4. The method for manufacturing chips for a thixomolding-process injection molding machine according to claim 1, wherein surfaces of the chips are polished during the cutting and fragmenting by said fixed blades and said rotating blades.

5. The method for manufacturing chips for a thixomolding-process injection molding machine according to claim 1, wherein any one of an aluminum alloy, a zinc alloy, and a magnesium alloy is used as the metal alloy.

6. An apparatus for manufacturing chips for thixomolding-process injection molding machine, comprising:

fixed blades and rotating blades provided inside a chamber for cutting and fragmenting into chips primary crushed pieces of material fed into said chamber;

a mesh-like screen provided in a side portion of said chamber;

a chip takeout port provided on an outer side of said screen;

a powder exhaust port for separately exhausting powder initially mixed with the primary crushed pieces; and

a collector for collecting the chips made from the primary crushed pieces fed into said chamber and which have passed through the screen;

cooling vanes provided above said rotating blades; and

a coarse surface plate provided on a bottom portion of said chamber.

7. An apparatus for manufacturing chips for thixomolding-process injection molding machine, comprising:

a mesh-like screen provided in a side portion of said chamber;

a chip takeout port provided on an outer side of said screen;

cooling vanes provided above said rotating blades, and

a coarse surface plate provided on a bottom of said chamber; and

a collector for collecting the chips made from the primary crushed pieces fed into said chamber and which have passed through said screen.

8. A method for manufacturing chips for a thixomolding-process injection molding machine comprising the steps of:

charging metal alloy primary crushed pieces into a chip manufacturing apparatus having fixed blades, rotating blades, and a screen;

cutting and fragmenting the primary crushed pieces by said fixed blades and said rotating blades, and passing the cut and fragmented pieces, together with a powder obtained from the cutting and fragmenting of the primary cut pieces, through and flying outside the screen so as to obtain chips mixed with the powder; and

forcedly exhausting the powder from the chips.

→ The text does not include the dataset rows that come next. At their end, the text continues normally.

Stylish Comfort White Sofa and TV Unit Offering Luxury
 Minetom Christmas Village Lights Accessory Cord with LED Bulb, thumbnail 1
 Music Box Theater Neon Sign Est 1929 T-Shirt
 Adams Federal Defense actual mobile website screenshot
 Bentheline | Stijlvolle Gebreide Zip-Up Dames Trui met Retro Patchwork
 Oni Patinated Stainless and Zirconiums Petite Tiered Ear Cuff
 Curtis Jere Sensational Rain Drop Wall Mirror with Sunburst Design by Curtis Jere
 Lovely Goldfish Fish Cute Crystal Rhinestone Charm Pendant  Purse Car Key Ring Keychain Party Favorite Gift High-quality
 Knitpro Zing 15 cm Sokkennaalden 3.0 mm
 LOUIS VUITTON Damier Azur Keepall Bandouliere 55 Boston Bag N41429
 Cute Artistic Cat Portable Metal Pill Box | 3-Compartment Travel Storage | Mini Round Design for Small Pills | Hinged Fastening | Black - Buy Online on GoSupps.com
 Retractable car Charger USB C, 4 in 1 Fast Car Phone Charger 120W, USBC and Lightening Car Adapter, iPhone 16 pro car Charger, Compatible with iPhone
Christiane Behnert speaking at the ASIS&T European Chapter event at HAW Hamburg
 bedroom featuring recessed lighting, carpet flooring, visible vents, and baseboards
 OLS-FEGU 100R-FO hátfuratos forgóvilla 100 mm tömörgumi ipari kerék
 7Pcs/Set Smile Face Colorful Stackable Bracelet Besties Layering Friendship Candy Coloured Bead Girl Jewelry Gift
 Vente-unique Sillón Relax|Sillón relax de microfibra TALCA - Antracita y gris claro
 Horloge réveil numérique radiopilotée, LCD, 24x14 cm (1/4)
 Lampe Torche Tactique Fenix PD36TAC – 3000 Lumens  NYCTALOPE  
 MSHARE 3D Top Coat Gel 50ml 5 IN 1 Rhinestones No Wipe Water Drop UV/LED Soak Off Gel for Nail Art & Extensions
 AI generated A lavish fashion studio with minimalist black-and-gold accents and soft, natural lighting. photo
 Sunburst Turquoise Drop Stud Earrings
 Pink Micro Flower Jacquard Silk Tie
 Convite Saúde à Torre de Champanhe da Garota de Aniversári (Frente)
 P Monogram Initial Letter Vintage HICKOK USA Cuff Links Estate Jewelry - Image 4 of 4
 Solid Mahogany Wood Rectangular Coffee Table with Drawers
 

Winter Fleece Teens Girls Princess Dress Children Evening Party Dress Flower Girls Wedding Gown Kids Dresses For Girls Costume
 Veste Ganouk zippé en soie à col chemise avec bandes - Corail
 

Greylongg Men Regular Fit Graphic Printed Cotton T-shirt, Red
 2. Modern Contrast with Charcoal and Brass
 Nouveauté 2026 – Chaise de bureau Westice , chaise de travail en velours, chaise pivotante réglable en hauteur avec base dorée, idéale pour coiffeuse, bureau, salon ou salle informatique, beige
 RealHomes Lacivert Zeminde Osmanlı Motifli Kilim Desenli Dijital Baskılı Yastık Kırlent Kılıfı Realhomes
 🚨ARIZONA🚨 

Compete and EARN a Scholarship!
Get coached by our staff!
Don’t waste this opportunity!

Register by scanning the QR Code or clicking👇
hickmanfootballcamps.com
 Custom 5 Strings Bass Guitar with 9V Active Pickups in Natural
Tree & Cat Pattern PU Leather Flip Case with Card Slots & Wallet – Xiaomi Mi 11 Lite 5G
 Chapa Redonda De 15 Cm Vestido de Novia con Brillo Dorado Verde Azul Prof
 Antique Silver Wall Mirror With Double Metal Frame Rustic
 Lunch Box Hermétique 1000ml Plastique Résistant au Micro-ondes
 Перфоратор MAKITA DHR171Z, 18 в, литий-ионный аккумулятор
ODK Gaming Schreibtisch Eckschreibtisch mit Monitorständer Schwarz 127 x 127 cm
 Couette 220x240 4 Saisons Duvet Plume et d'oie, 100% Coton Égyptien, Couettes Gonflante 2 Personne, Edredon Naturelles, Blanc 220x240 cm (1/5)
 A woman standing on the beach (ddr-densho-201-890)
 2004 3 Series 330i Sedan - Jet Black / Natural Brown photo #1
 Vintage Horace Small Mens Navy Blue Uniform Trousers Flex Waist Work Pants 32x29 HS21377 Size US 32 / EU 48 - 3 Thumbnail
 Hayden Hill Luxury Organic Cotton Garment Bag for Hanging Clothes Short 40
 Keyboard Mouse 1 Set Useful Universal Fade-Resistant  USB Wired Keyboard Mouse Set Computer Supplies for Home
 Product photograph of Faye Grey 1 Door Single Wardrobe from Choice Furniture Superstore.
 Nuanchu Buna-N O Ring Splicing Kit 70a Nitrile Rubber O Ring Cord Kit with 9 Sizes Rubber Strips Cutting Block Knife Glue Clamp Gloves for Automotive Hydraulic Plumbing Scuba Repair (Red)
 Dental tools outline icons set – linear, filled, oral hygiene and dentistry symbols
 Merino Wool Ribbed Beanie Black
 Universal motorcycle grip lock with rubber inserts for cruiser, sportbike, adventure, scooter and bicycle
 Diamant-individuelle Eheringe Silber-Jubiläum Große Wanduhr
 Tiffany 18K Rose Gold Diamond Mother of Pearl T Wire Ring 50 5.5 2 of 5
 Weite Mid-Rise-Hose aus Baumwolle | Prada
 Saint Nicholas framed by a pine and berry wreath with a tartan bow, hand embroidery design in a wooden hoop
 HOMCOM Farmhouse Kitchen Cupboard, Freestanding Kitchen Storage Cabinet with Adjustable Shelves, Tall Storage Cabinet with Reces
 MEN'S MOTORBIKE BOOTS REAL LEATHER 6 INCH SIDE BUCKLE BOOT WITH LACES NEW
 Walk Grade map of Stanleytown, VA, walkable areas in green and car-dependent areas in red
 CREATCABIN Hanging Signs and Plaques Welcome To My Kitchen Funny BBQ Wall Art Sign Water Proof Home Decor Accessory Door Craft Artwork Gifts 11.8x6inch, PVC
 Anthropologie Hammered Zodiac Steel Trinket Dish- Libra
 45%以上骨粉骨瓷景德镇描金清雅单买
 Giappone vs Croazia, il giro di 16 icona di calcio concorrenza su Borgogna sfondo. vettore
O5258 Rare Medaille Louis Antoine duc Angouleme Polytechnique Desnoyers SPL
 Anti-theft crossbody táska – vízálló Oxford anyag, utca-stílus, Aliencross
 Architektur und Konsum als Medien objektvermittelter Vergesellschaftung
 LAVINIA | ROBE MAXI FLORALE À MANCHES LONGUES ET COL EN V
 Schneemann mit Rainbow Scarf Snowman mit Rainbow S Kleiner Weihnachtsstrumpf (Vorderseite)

9. The method for manufacturing chips for a thixomolding-process injection molding machine according to claim 8, wherein the primary crushed pieces have a length and thickness of between approximately 5 to 30 mm.

10. The method for manufacturing chips for a thixomolding-process injection molding machine according to claim 8, wherein the powder is collected.

11. The method for manufacturing chips for a thixomolding-process injection molding machine according to claim 8, wherein surfaces of the chips are polished during the cutting and fragmenting by the fixed blades and the rotating blades.

12. The method for manufacturing chips for a thixomolding-process injection molding machine according to claim 8, wherein one of an aluminum alloy, zinc alloy, and magnesium alloy is used as the metal alloy for the primary crushed pieces.